Within functions and connectors we may employ polymorphic types. The specification of the polymorphic arguments is not required if they can be inferred. Polymorphic arguments may be partially specified by using somekind of throwaway `_` or `auto` type. When we are monomorphizing a type we must be able to fully determine all of the polymorphic arguments, if we can't then we throw a compiler error.

## Conclusions

- 
    Type definitions may contain polymorphic arguments. These are simple identifiers. The polymorphic arguments are embedded in definitions, they are erased after type inference on the type's use (e.g. function call or struct instantiation) has finished.

- 
    While instantiating polymorphic types (e.g. `T something = call_a_func(3, 5)` or the inferred variant `let something = call_a_func(3, 5)`) we actually need to resolve these types.

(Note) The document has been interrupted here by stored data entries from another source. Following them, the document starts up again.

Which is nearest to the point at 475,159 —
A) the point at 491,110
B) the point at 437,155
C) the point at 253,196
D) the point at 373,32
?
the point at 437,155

This implies:
    
    - Memory declarations will have their type embedded within the memory declaration itself. If we do not know the type yet, or only partially know the type, then we need to mark the type as being inferred.
    - Expressions will have their type inferred from the constraints the expression imposes on its arguments, and the types of the arguments themselves. Within an expression tree type information may flow from the root towards the leaves or from the leaves towards the root.
    
    This implies that type information in the AST must be fully specified. If the type information is not yet fully known then it must be embedded in some kind of datastructure that is used for type inference.

-
    A function definition with polyargs seems to behave a bit differently: During the initial definition parsing we may want to make sure that each type in the definition either resolves to a concrete type (optionally with polymorphic arguments) or to one of the polyargs. This would also provide information to the type inference algorithm.

## Conclusions - Parsing

During parsing we want to embed all of the information the programmer has provided to the compiler in the AST. So polyargs go inside type definitions, types that are supposed to be inferred are embedded in the AST, types that depend on polyargs also go into the AST. So we may have:

- Partially concrete types with embedded inferred types (e.g. `let[] list_of_things` is an `Array<auto>` or `Result<auto> thing = Result::Ok(5)` or `let thing = Result::Ok(5)`).
- Direct references to polyarg types (e.g. `T list_of_things` or `Result<T> thing = ...` or `T[][] array_of_arrays_yes_sir` and `Tuple2<T, T> = construct_a_thing()`)
- Fully inferred types (e.g. `auto thing = 5` or `auto result = call_a_thing()`)
- Completely specified types.

## Conclusions - Type Inference

During type inference and typechecking we need to determine all concrete types. So we will arrive at a fully specified type: every polymorphic type will have its polyargs specified. Likewise every inferred type will be fully specified as well.

All of this hints at having to specify two classes of types: `ParserType` and a `Type`. The `ParserType` can be:

- A builtin type (with embedded `ParserType`s where appropriate)
- An inferred type
- A polyarg type
- A symbolic type (with embedded `ParsedType`s where appropriate)

While the final `Type` can be:

- A builtin type (with embedded types where appropriate)
- A known user-defined type (with embedded types where appropriate)

Note that we cannot typecheck polymorphic connectors and functions until we monomorphize them.